Jim Jarmusch’s low-key and elegant film Paterson is another feather in the cap for this idiosyncratic auteur, starring an intensely committed Adam Driver as a New Jersey bus driver named Paterson, who happens to live in the city of Paterson. The film is part fantasy, part meditation, and all wonderful, with an observant eye for visual detail (the great Frederick Elmes is the cinematographer) and containing honest verbal wit that mixes with personal introspection into something that feels unique and quietly moving. The gliding editing patterns established by cutter Affonso Gonçalves are incredibly smooth, and result in a film that feels as if it’s drifting across the screen, much like the many characters, both big and small, that inhabit the frame. Jarmusch’s style has certainly evolved over the years but he’s always had a firm grasp on the peculiarities of people and how they approach their life.
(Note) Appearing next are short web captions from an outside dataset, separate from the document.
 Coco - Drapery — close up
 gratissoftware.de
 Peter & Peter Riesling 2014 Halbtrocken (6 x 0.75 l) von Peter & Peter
Paterson has a very predictable routine. He wakes up every morning, has his cereal, kisses his spirited wife (the superb Golshifteh Farahani) goodbye, and heads out for a day on the deteriorating streets of the city. On his breaks, he jots down poetry in his notepad, which appears on the screen as text, and can be heard via Driver’s dry voice-over (the real-life poet Ron Padgett crafted the various poems heard during the film). After work, he has dinner with his wife, who is always focusing on something new to fill her day, and then he takes their dog for a walk, grabs a beer, chats with the bartender (Barry Shabaka-Henley) and goes to sleep. He’s a man content with rigidity. Or is he? He doesn’t seem to get mad, and when the story turns tragic in the form of a personal disaster, Paterson’s response to the events is humorous, sad, and strangely enviable.


The film isn’t interested in a traditional plot, as Jarmusch is too concerned with his characters and their flights of fancy and their dreams and aspirations to care about the artificial rigors of contrived plotting. Instead, the audience is treated to a character and mood piece, where Driver appears in nearly every scene, his unique physical characteristics somehow tamped down from what we’ve seen previous, with flat-lined energy that results in a heavily modulated yet still emotionally affecting performance. If all of this sounds like as much fun as watching paint dry, well, I won’t lie, this movie won’t be everyone’s favorite cup of cinematic tea. It’s quiet, the film is comprised of numerous long-takes, and by design, the circular nature of the narrative keeps things on a very even keel. But if you’re looking for something artistic and thought provoking, definitely check it out.